❓WHAT HAPPENED: The Bank of England plans to replace historical figures including wartime Prime Minister Sir Winston Churchill on banknotes with pictures of animals.
👤WHO WAS INVOLVED: The Bank of England, Prime Minister Sir Keir Starmer, Chancellor (Treasury Secretary) Rachel Reeves, and Robert Jenrick, of Nigel Farage’s Reform Party.
📍WHEN & WHERE: Announced March 11, 2026, in the United Kingdom.
💬KEY QUOTE: “It says it all that Rachel Reeves is replacing Winston Churchill on our banknotes with a squirrel.” – Robert Jenrick
🎯IMPACT: The decision ends over 50 years of featuring British historical figures on banknotes.
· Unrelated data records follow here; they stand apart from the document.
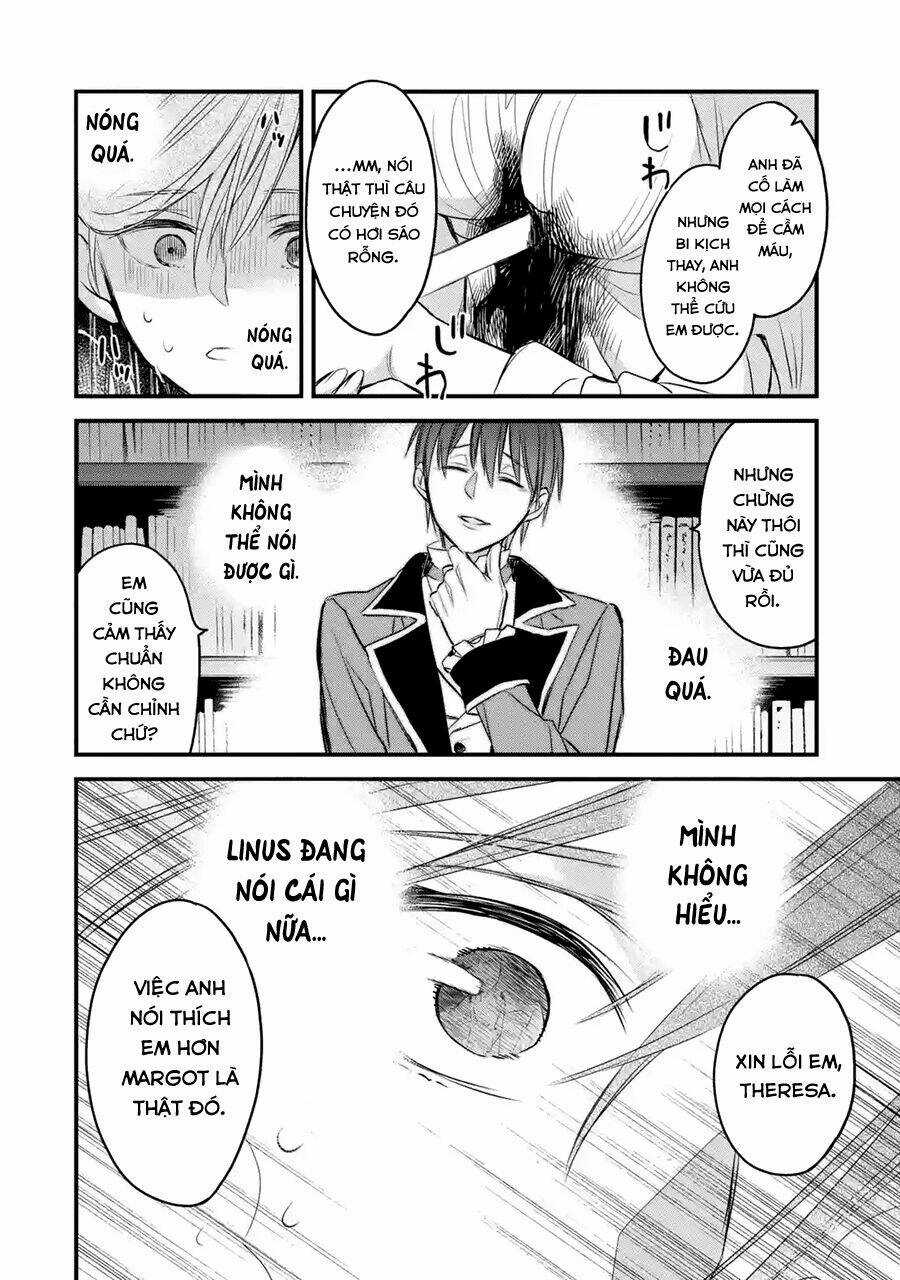 Chén Thánh Của Eris - Chapter 10 - Trang 43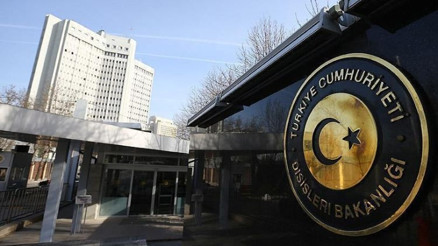 Türkiyeden Bolivyada uçak kazasında hayatını kaybedenler için taziye mesajı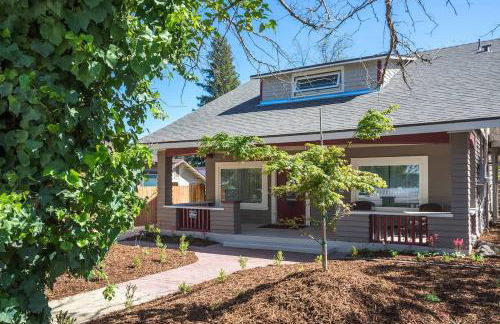 Home Squared-Downtown with Fire Pit - Foto 20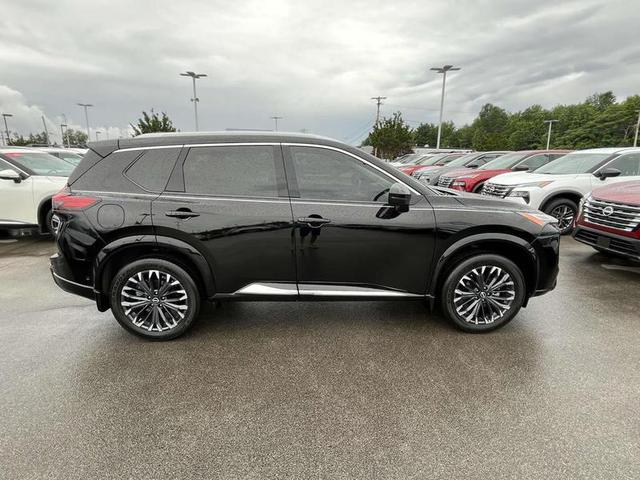 2024 Nissan Rogue Platinum AWD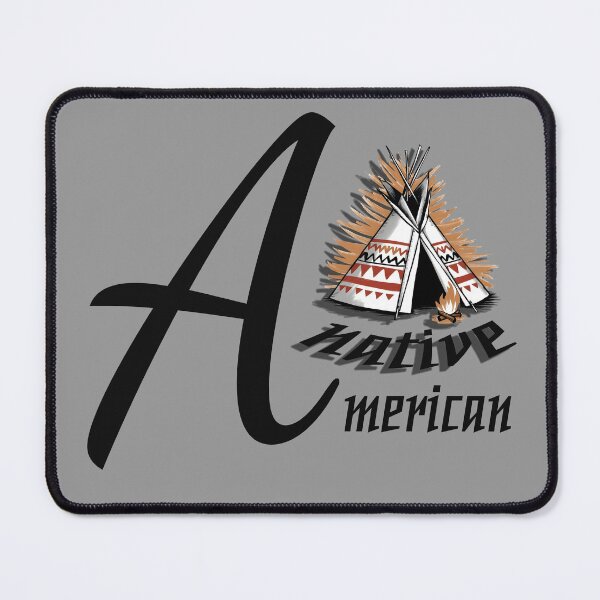 Item preview, Tipi & Tradition: Native American Campfire Design designed and sold by KennerTH.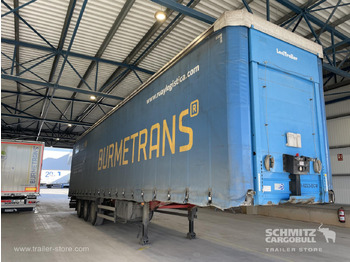 Curtainsider semi-trailer LECITRAILER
The Bank of England has announced a controversial plan to remove historic Britons, including wartime Prime Minister Sir Winston Churchill and author Jane Austen, from banknotes. Instead, the new series will feature animals native to the United Kingdom.
Victoria Cleland, the chief cashier at the Bank of England, claimed that while the main goal is to improve counterfeit resilience. “Nature is a great choice from a banknote authentication perspective,” she said, although it is unclear why a banknote featuring a picture of a badger should be harder to counterfeit than a banknote featuring a picture of Churchill.
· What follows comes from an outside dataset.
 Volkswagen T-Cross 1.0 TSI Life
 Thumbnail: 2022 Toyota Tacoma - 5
This change marks the end of more than 50 years of showcasing historic Britons on currency. Robert Jenrick, Shadow Chancellor for Nigel Farage’s Reform Party, criticized the decision, saying, “It says it all that Rachel Reeves is replacing Winston Churchill on our banknotes with a squirrel,” in reference to Prime Minister Sir Keir Starmer’s Chancellor of the Exchequer (Treasury Secretary).
Notably, Starmer removed around five portraits of Churchill from the parliamentary estate after entering office, including a picture of the wartime leader standing next to the Cenotaph, Britain’s main national war memorial, in 1945.
Churchill is a frequent target of far-left protesters and academics, who portray him as a “racist” and a “white supremacist.”